FIG. 5A is a front view of a housing of the window locking unit illustrated in FIG. 2A;

FIG. 5B is a top view of the housing illustrated in FIG. 5A;

FIG. 5C is an end view of the housing illustrated in FIG. 5A;

FIG. 5D is a rear view of the housing illustrated in FIG. 5A;

FIG. 6A is a front view of a main slide of the window locking unit illustrated in FIG. 2A;

FIG. 6B is a top view of the main slide illustrated in FIG. 6A;

FIG. 6C is a side end view of the main slide illustrated in FIG. 6A;

FIG. 6D is a right side end view of the main slide illustrated in FIG. 6A;

FIG. 6E is a rear view of the main slide illustrated in FIG. 6A;

FIG. 7A is a front view of a second slide of the window locking unit illustrated in FIG. 2A;

FIG. 7B is a top view of the second slide illustrated in FIG. 7A;

FIG. 7C is a left side end view of the second slide illustrated in FIG. 7A;

FIG. 7D is a right side end view of the second slide illustrated in FIG. 7A;

FIG. 7E is a rear view of the second slide illustrated in FIG. 7A;

FIG. 8A is a plan view of a pivot member of the window locking unit illustrated in FIG. 2A; and

FIG. 8B is an end view of the pivot member illustrated in FIG. 8A.

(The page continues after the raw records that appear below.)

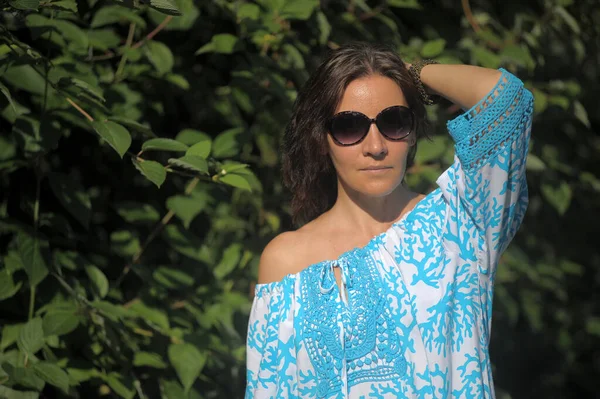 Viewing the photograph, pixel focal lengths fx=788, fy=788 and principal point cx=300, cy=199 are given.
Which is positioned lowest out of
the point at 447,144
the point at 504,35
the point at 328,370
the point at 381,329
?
the point at 328,370

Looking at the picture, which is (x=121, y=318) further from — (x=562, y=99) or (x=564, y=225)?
(x=564, y=225)

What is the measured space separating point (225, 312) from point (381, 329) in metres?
0.95

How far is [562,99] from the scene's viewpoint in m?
2.71

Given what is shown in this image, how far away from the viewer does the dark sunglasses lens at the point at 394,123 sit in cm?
166

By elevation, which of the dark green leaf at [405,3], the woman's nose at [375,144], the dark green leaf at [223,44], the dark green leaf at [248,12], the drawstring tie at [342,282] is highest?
the dark green leaf at [405,3]

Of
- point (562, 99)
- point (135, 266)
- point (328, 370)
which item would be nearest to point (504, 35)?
point (562, 99)

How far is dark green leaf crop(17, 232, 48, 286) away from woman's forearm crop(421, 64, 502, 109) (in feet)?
3.63

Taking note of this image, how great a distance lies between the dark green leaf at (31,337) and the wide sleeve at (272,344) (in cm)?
61

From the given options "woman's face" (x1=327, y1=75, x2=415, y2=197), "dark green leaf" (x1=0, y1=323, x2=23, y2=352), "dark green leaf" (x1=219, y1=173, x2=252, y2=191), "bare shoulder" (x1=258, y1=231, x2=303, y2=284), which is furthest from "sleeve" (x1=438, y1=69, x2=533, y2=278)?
"dark green leaf" (x1=0, y1=323, x2=23, y2=352)

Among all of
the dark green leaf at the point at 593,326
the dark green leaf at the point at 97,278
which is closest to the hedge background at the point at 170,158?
the dark green leaf at the point at 97,278

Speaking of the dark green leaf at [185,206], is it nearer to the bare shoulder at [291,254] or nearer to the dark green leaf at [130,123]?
the dark green leaf at [130,123]

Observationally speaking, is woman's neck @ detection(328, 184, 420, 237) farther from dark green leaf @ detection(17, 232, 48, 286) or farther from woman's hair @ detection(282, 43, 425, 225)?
dark green leaf @ detection(17, 232, 48, 286)

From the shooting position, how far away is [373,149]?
1648 mm

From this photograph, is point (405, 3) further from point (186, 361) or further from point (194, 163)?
point (186, 361)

BRIEF DESCRIPTION OF THE PREFERRED EMBODIMENT

FIG. 1 illustrates a double-hung window 10 according to the present invention. The window 10 includes a window jamb 12 of substantially conventional construction. The window jamb 12 is essentially the same as currently manufactured by Caradon Thermal-Gard Division. The window jamb 12 includes a header 14 in a sill 16 having a stepped configuration.

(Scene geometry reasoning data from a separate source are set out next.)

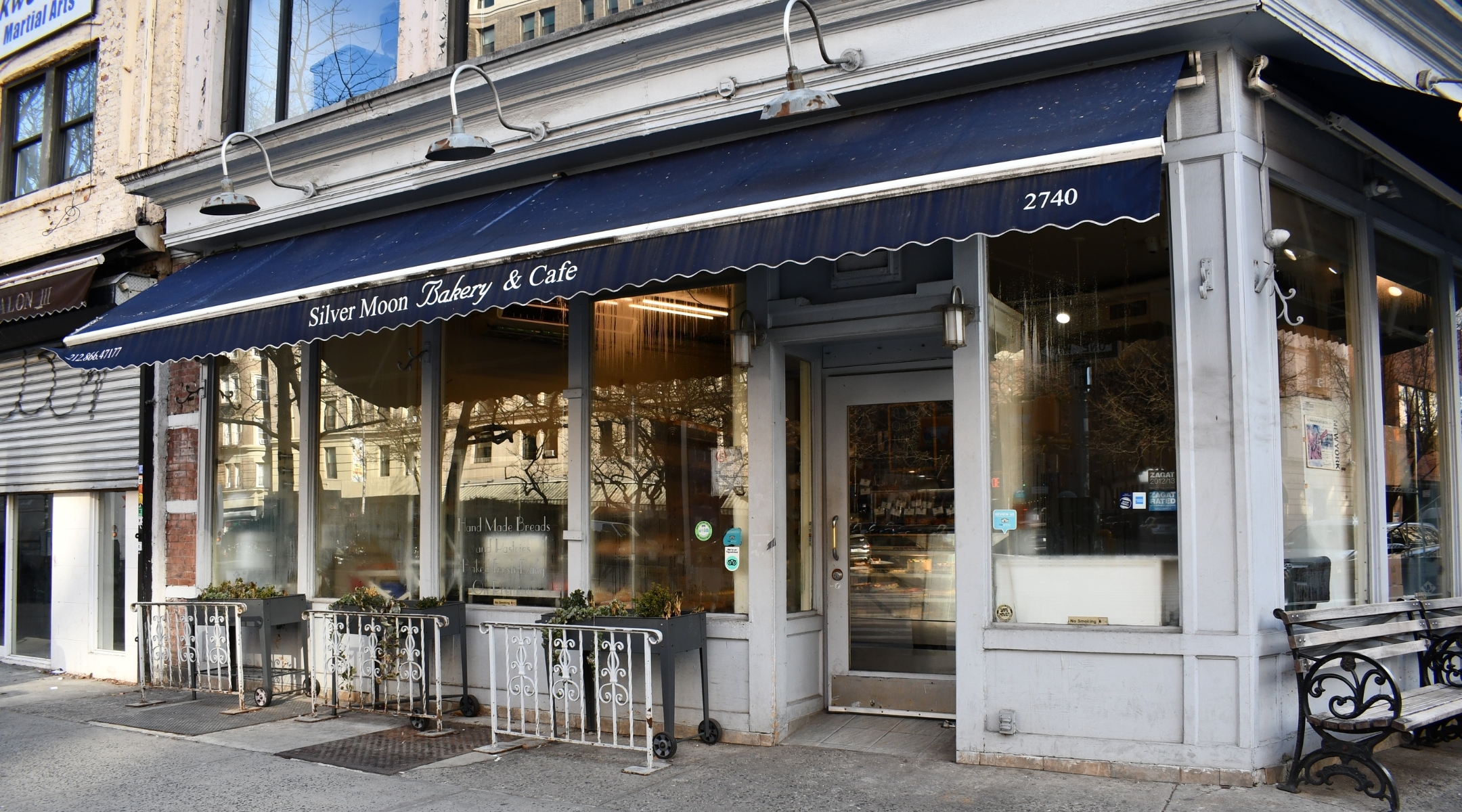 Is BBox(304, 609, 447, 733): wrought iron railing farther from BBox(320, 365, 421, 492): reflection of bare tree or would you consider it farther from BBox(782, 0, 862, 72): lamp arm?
BBox(782, 0, 862, 72): lamp arm

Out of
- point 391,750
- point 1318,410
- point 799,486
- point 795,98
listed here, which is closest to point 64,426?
point 391,750

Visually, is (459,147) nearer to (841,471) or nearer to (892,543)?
(841,471)

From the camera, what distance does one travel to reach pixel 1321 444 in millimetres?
6633

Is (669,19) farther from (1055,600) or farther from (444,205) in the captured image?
(1055,600)

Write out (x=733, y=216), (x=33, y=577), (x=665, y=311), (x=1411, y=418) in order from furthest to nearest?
(x=33, y=577)
(x=665, y=311)
(x=1411, y=418)
(x=733, y=216)

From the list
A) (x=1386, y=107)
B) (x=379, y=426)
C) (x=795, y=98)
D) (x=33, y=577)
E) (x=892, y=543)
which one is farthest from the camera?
(x=33, y=577)

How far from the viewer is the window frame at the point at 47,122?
12391 millimetres

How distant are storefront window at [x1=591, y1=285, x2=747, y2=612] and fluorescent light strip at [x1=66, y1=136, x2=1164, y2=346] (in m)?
1.45

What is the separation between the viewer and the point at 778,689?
7352 mm

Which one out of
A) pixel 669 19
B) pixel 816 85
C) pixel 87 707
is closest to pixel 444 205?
pixel 669 19

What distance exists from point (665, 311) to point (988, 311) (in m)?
2.46

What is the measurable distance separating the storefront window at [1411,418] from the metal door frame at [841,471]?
2.84 metres

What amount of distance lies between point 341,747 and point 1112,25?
6.40 meters

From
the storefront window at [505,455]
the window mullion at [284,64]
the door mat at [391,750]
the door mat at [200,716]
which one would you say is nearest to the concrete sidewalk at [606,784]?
the door mat at [391,750] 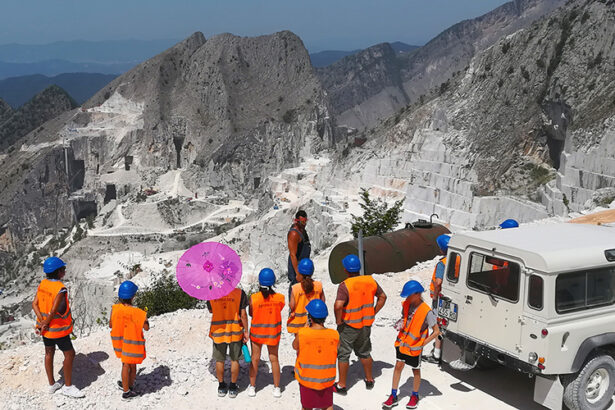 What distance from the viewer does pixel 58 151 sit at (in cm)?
9662

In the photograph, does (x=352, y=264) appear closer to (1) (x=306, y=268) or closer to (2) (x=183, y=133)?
Answer: (1) (x=306, y=268)

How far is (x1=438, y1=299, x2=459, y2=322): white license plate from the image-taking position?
25.3 ft

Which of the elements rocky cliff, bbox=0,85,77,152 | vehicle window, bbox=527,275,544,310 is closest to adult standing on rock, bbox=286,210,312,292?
vehicle window, bbox=527,275,544,310

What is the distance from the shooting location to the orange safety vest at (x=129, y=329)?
752 cm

A pair of sashes 20 is slidably mounted in the window jamb 12. Each sash 20 includes a top rail 22, a bottom rail 24 and a pair of side rails 26 surrounding a glazing panel 28. The glazing panel 28 may be a single, double or triple pane unit as is known in the art. The specific construction of the sashes 20, without additional window hardware, is described in detail in my prior U.S. Pat. Nos. 5,379,518 and 5,570,548 which are incorporated herein by reference. Other known sash arrangements may also be utilized with the window 10 of the present invention.

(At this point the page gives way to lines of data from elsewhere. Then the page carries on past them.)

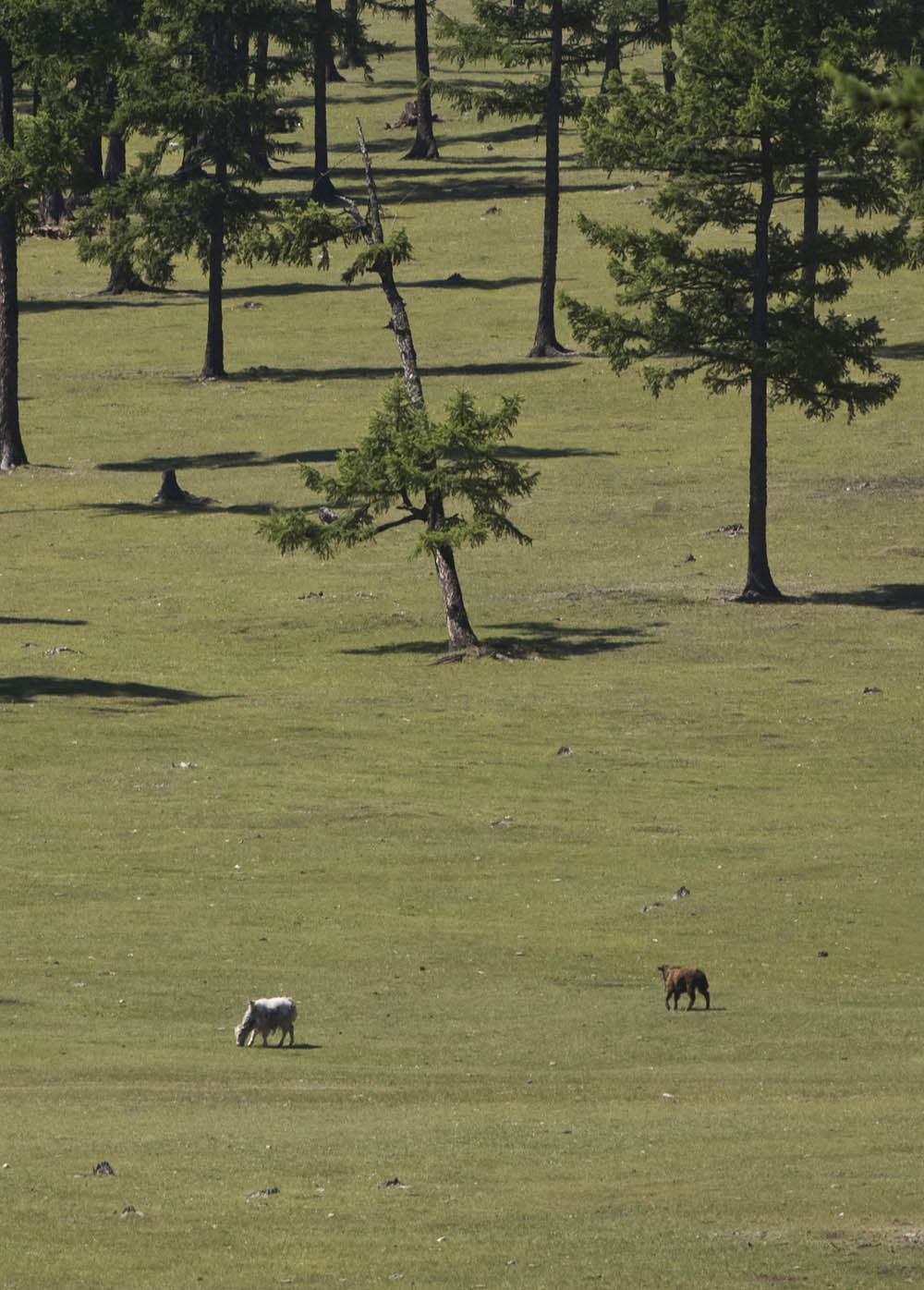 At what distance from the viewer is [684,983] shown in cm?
2066

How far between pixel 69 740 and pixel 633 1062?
1604 centimetres

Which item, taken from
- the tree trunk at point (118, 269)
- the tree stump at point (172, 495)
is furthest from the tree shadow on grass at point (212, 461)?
the tree trunk at point (118, 269)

A pivot member 30 extends from the bottom rail 24 of each sash 20 to pivotally connect the sash 20 to the side of the window jamb 12. Each sash 20 can tilt relative to the window jamb 12 about the pivot member 30 as will be described in detail hereinafter. The pivot member 30 is rotatably received in a slidable carriage (not shown) for movement in a channel 32 (shown in FIGS. 2A, 3A and 4A) formed in the sash 20 in a manner known in the art.

Each sash 20 includes a tilting and locking mechanism formed by a single locking unit 40 attached to the top rail 22 of each sash 20.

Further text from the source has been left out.